Il disaccoppiamento spacca l’agricoltura italiana
La riforma dell’organizzazione comune di mercato per i prodotti ortofrutticoli è il frutto più importante maturato a Lussemburgo, in particolare per l’Italia che è il primo produttore europeo. I punti fondamentali dell’accordo raggiunto tra i 27 Paesi dell’Ue sono riportati nel riquadro a pag. 9 ma è opportuno soffermarsi sulla questione che ha sollevato i maggiori contrasti, cioè il disaccoppiamento degli aiuti.
A questo proposito il parere del Mipaaf è piuttosto chiaro: «Sono stati sostanzialmente raggiunti gli obiettivi negoziali che il Governo italiano si era posto nella riunione del Tavolo agroalimentare del 15 marzo 2007, che aveva fissato, con il concorso delle Regioni e delle organizzazioni di categoria, le linee di negoziato per la riforma. In particolare, l’accordo del Consiglio prevede la possibilità di procedere al disaccoppiamento degli aiuti attraverso una fase transitoria di quattro anni per i pomodori e di cinque anni per le colture arboree, durante la quale gli Stati membri avranno la facoltà di continuare a erogare una parte del sostegno sotto forma di aiuto accoppiato. Questa misura era stata chiesta dal Governo italiano, in sintonia con l’indicazione del Parlamento nazionale e con la posizione del Parlamento europeo, per evitare che un disaccoppiamento totale immediato comportasse una contrazione importante della produzione con ripercussioni negative per tutta la filiera.
Nei prossimi mesi l’Italia dovrà decidere per quali prodotti avvalersi di un periodo transitorio, fissandone la durata e l’ammontare dell’aiuto accoppiato».

Dagli applausi ai siluri
Se questo è il parere del ministro, le reazioni del mondo agricolo italiano offrono un panorama, diciamo così, variegato.

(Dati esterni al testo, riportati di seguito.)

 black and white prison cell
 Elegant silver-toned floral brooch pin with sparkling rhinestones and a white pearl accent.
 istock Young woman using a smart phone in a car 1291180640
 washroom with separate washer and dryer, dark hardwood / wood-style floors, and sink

Cominciamo dai più contenti, Fai-Cisl, Flai-Cgil e Uila-Uil, che in un comunicato congiunto parlano di decisioni «eccellenti per il nostro Paese». Se la Cia sostiene che «è un risultato importante l’accoglimento di un periodo di transizione caratterizzato da un disaccoppiamento parziale» e la Copagri si dichiara «fiduciosa» per aver portato a casa il risultato del passaggio graduale al disaccoppiamento totale, già la posizione di Confagricoltura è meno entusiasta e parla di «un periodo troppo lungo per avvicinarsi a un modello di politica agricola effettivamente orientata al mercato anche nel settore ortofrutticolo».

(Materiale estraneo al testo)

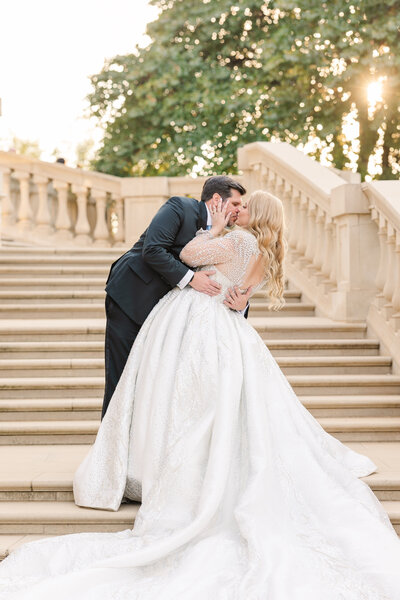 A romantic and editorial-style wedding portrait captured on the grand stone staircase in Hickory Creek, Texas. This light and airy image showcases timeless elegance and golden hour glow, perfect for couples seeking luxury wedding photography in the DFW area.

È però dalla Coldiretti, da sempre sostenitrice dell’applicazione immediata del disaccoppiamento totale, che arriva l’attacco, contenuto in uno scarno ma durissimo comunicato del presidente Sergio Marini: «Le imprese agricole italiane sono in allarme per l’approccio negoziale debole e incoerente del ministro per le politiche agricole Paolo De Castro che ha determinato un risultato fortemente negativo per il nostro Paese. Ora si apre a livello nazionale un duro confronto per evitare il rischio di perdere tempo e risorse necessarie per il sostegno alla competitività, nell’interesse delle imprese e dei consumatori».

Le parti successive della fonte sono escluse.